_Required work_
Among the records below, find the lines containing "values" and state only how many there are.

(Short web captions)
···
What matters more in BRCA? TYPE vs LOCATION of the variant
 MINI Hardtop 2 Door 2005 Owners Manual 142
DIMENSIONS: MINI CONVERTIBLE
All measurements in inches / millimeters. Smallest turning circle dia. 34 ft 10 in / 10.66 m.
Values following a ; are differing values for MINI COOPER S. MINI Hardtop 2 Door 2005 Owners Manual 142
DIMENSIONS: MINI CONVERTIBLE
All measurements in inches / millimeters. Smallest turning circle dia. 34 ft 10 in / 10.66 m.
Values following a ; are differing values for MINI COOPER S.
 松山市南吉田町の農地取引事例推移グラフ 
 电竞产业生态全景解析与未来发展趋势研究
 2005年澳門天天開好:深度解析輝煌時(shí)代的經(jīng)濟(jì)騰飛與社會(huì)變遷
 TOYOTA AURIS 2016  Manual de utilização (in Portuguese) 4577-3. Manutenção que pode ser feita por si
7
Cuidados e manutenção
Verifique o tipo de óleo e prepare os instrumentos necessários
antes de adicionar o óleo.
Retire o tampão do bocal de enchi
···
_Reply_
2